Из первых же слов, произнесенных Зеленой Плесенью на удивительно чистом и благозвучном русском языке (каковым свободно владели все члены международного экипажа, за исключением космонавта-исследователя), перед ними начала вырисовываться глубоко правдивая картина вселенского бытия.

– Эвона чать ужо и ахти, – в заключение сказала Плесень. – Инда ж токмо, стало быть, так-то оно и есть.

(Дословно весь диалог с Зеленой Плесенью приводится в полной версии космической оперы, составляя основу ее идейно-философского содержания.)

Феноменальный интеллект и незаурядное чувство юмора, в полной мере проявленные стойкой и неунывающей Плесенью, произвели огромное впечатление на пионеров земной цивилизации, перед которыми вдруг открылись перспективы радикальной переоценки их отныне уже устаревших доктрин и теорий. В ознаменование столь важного события на корабле был дан торжественный обед с употреблением лучших блюд и напитков, какие нашлись на камбузе. Свежеиспеченный космонавт-исследователь Гопкинс к обеду не вышел.

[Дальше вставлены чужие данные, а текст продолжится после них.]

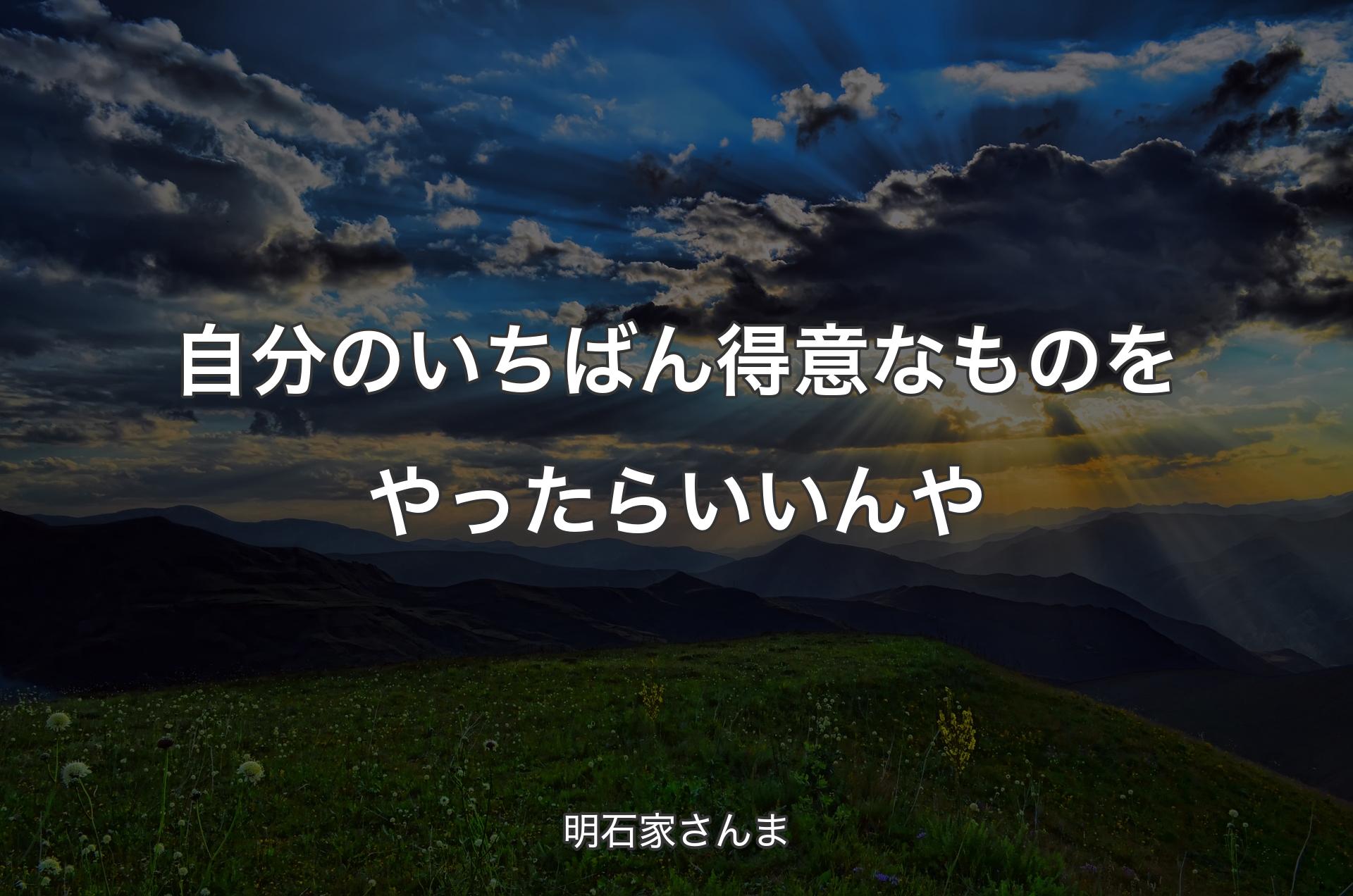 自分のいちばん得意なものをやったらいいんや - 明石家さんま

…Пока на корвете «Светлый путь» происходили описанные выше пертурбации, из мрачной космической тьмы продолжали выдвигаться основные силы военного флота Блефантанской Директории: 1488 линкоров и тяжелых крейсеров в сопровождении целой тучи эсминцев, фрегатов, канонерок, десантных шаттлов, пакетботов, госпитальных и карантинных судов, кораблей-гауптвахт, транспортных барж с боеприпасами, провиантом, пыточными инструментами и т. д. Командовал этой армадой талантливый, смелый, циничный, жестокий и подлый гросс-адмирал Вайх, прозванный в народе Четырехглазым (три из своих семи глаз он потерял во время осады Альфа-Ромеры, вдобавок лишившись двух правых ног при нападении партизан в Туманности Квадратных Карликов). Флот был укомплектован по мобилизации представителями 235-ти подвластных Директории обитаемых планетных систем; офицерский корпус культивировал оголтелый блефантанский шовинизм, будучи воспитан в духе кастового превосходства и безусловной преданности правящей элите.

Однако не все ладилось в, казалось бы, чудовищно могучей Блефантании. Зерна недовольства, занесенные ветрами перемен, давали обильные всходы; зрели увесистые гроздья гнева; на закваске из старых и новых обид беспокойно бродили умы. Правящая элита Директории все быстрее деградировала интеллектуально и физически (в моральном плане нижний предел деградации был ими достигнут еще двадцать семь поколений назад). Выход из кризиса эти элитные дегенераты искали в победоносной войне – неважно с кем и по какому поводу. (В полной версии оперы дается развернутый анализ социально-политической обстановки и предпосылок революционных перемен в блефантанском секторе Вселенной.)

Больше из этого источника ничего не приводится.